Schröder sieht in dem Gespräch mit Putin während seiner Geburtstagfeier einen Beitrag zur Befreiung der OSZE-Beobachter in der Ukraine. „Es hat, was die Freilassung der OSZE-Militärbeobachter angeht, auch zu einem Erfolg geführt. Ich habe das Gespräch mit Präsident Putin dazu genutzt, ihn zu bitten, bei der Freilassung der Geiseln zu helfen“, sagte Schröder. Teilweise habe er mit Putin unter vier Augen gesprochen, sagte Schröder: „Aber bei diesem Thema waren auch andere Gesprächsteilnehmer dabei. Über einen, Herrn Mißfelder, wurde ja öffentlich gestritten.“ Das Klima der Gespräche beschrieb Schröder als „freundschaftlich, auch ernst“.
Kritik am Zeitpunkt der Geburtstagsparty angesichts von Ukraine-Krise und Annexion der Krim wies Schröder zurück. „Ich habe nicht eine Sekunde darüber nachgedacht, darum zu bitten, den Empfang abzusagen“, sagte der SPD-Politiker. Er verteidigte auch seine Umarmung mit Putin am Rande der Feier. „Natürlich war mir klar, dabei fotografiert zu werden. Aber ich habe nichts zu verbergen und ich werde mich auch nicht verbiegen. Seitdem ich Wladimir Putin kenne, seit mehr als 14 Jahren, begrüßen wir uns so.

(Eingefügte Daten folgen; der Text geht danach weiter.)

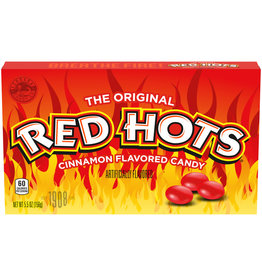 Red Hots Cinnamon Candy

Das ändere ich auch nicht in schwierigen Zeiten“, sagte Schröder. Die Geburtstagsfeier sei für ihn als Vorsitzenden des Shareholder Committes der Pipeline-Gesellschaft Nord Stream ausgerichtet worden, sagte der Altkanzler: „Im Herbst vergangenen Jahres haben die Anteilseigner entschieden, aus Anlass meines 70. Geburtstages einen Empfang in Sankt Petersburg zu veranstalten.“
Schröder warnt vor Sanktionen gegen Russland
Der Altbundeskanzler hat Deutschland und den Westen davor gewarnt, in der Ukraine-Krise weitere Sanktionen gegen Russland zu verhängen. „Man sollte jetzt weniger über Sanktionen sprechen, sondern auch über russische Sicherheitsinteressen“, sagte Schröder der „Welt am Sonntag“ und dem „SonntagsBlick“. Eine NATO-Mitgliedschaft der Ukraine etwa sei „für Russland nicht akzeptabel. „Ich höre stattdessen immer nur, der Westen müsste Russland und Putin isolieren“, kritisierte der SPD-Politiker.
Schröder lobte das Bemühen von Außenminister Frank-Walter Steinmeier (SPD), in der Ukraine-Krise zu deeskalieren. „Das tut er, weil die Entspannungspolitik ein Markenkern der deutschen Sozialdemokratie ist. Die Ostpolitik gehört zu ihren großen historischen Erfolgen. Die Aussöhnung mit Russland und Polen ist ein Kern davon. Ich rate daher, dem amerikanischen Drängen auf mehr Sanktionen zu widerstehen – auf Dauer.“ Schröder kritisierte den Umgang von US-Präsident Barack Obama mit Moskau. „Man sollte Russland nicht als Regionalmacht bezeichnen, wie es der amerikanische Präsident getan hat. Das ist nicht klug“, sagte Schröder: „Russland ist eines von fünf ständigen Mitgliedern im Sicherheitsrat. Russland ist in allen relevanten weltpolitischen Fragen wichtig. Wir sind auf diese Zusammenarbeit angewiesen.“
Deutschland habe für Russland eine zentrale Bedeutung, sagte Schröder. „Wir sind Russlands wichtigster Partner in Europa, nicht nur wirtschaftlich, sondern auch politisch. Deswegen ist die Rolle der Bundesregierung so wichtig.“ Mit Blick auf die Telefonate von Bundeskanzlerin Angela Merkel (CDU) mit dem russischen Präsidenten Wladimir Putin sagte Schröder: „Es geht doch auch darum, dem Gesprächspartner das Gefühl zu geben, dass man ihn und seine Interessen ernst nimmt.“ Es helfe, „wenn man Gespräche auf Augenhöhe führt. Man sollte versuchen, die Argumente seines Gegenübers zu verstehen und dann zu schauen, wie man zu einer gemeinsamen Lösung kommen kann. Sicher ist: Sanktionen und Isolation bringen nichts.“
Indirekt wies Schröder Merkels Kritik an den russischen Paraden zum Gedenken an das Kriegsende auf der Krim zurück. „Angesichts des schrecklichen Leids, das Nazi-Deutschland über die Staaten der ehemaligen Sowjetunion gebracht hat, sollte man als Deutscher sich zurückhalten, Kritik bei der Ausgestaltung der Feierlichkeiten Russlands zum Ende des Zweiten Weltkriegs anzubringen“, sagte Schröder. Er halte es auch für „richtig, dass Frankreich die Einladung an den russischen Präsidenten aufrecht erhält, an der Gedenkfeier zum D-Day in der Normandie teilzunehmen“.